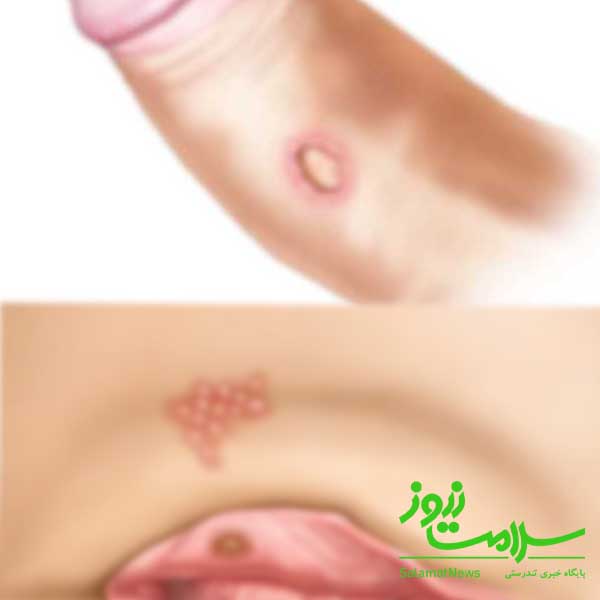 انواع سیفلیس ،نحوه انتقال و روش درمان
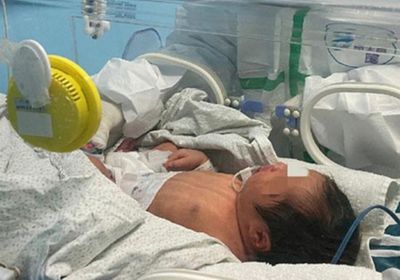 الأولى من نوعها.. إصابة رضيعة بفيروس كورونا في تعز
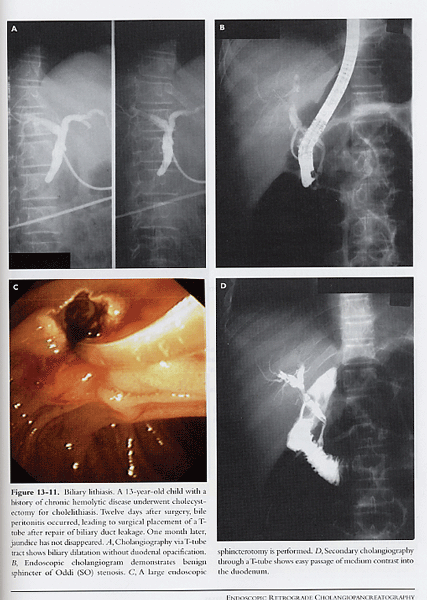 Pediatric Gastrointestinal Endoscopy: Textbook And Atlas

══════

- [Exercise details]: Reproduce the listing word for word. Do not carry over the pictures.

- [Task result]:
 انواع سیفلیس ،نحوه انتقال و روش درمان
 الأولى من نوعها.. إصابة رضيعة بفيروس كورونا في تعز
 Pediatric Gastrointestinal Endoscopy: Textbook And Atlas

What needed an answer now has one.